A document naming Monsignor Giorgio Giuseppe Caruana Apostolic Nuncio of Havana was signed by Vatican Secretary of State Cardinal Eugenio Pacelli on September 11, 1935. Four years later, Pacelli would become Pope Pious XII, notorious for having blessed the fascist troops (and not the Allies) during the Second World War.

In the more recent struggle for liberation, many of the rebels led by Fidel Castro also felt accompanied in their longing for justice and freedom by the syncretic deity known as Ochun among followers of Afro-Cuban religions.

As for the Catholic Church, after the triumph of the revolution in 1959, the high echelons of the clergy and some parish priests opposed the measures advanced by the new government, helping conceal criminals fleeing from justice and attacking the ogre of “communism,” not knowing what that ideology proposed.

Later, thousands of children were sent to the United States by their parents through arrangements made by the clergy in what was dubbed Operation Peter Pan.

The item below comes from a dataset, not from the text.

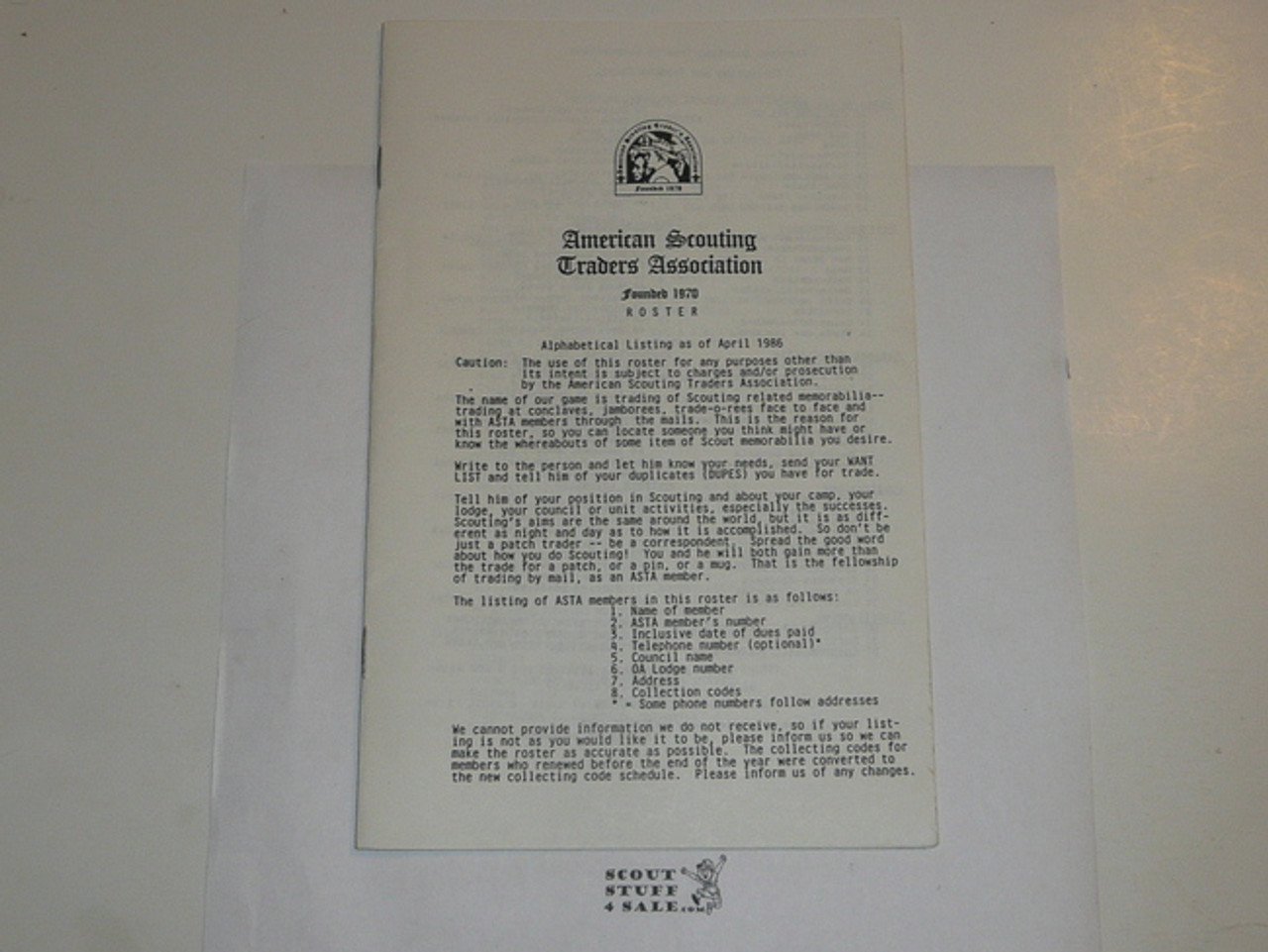 American Scouting Traders Association Report (ASTAR), 1986, April Membership Roster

These children were taken in by US families, causing traumas that many people endure to this day.

The example that always comes to mind is that of Nuncio Cesare Zacchi, who had the merit of correctly interpreting the codes of Cuba’s political process, helped maintain relations with the Church and maintained a personal friendship with Fidel Castro.

Another important figure in terms of bilateral relations between the Church and Cuban government was journalist and writer Luis Amado Blanco, ambassador to the Holy See for over a decade.

Despite moments of disagreement on some issues, these relations are full of positive elements and periods of collaboration.